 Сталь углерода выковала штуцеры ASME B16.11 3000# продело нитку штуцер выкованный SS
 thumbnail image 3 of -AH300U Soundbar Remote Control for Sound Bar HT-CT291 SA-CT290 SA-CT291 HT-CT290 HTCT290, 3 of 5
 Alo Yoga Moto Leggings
____
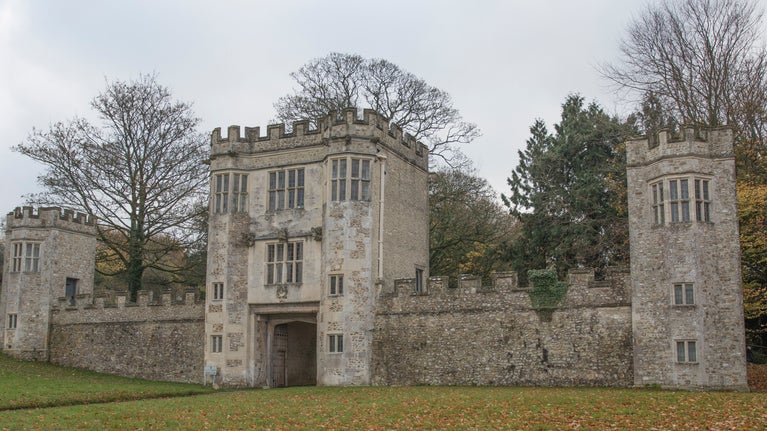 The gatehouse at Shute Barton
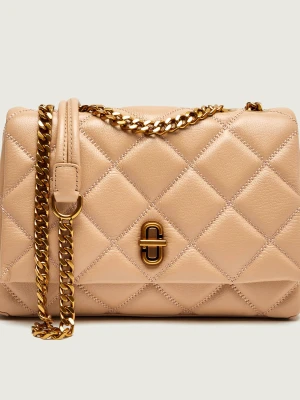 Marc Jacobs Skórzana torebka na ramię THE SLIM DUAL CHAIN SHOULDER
____
◆ Work task:
In the listing above, find the line with "The gatehouse at Shute Barton" and output every line through the one with "Marc Jacobs Skórzana", exactly, without the pictures.

◆ Result:
 The gatehouse at Shute Barton
 Marc Jacobs Skórzana torebka na ramię THE SLIM DUAL CHAIN SHOULDER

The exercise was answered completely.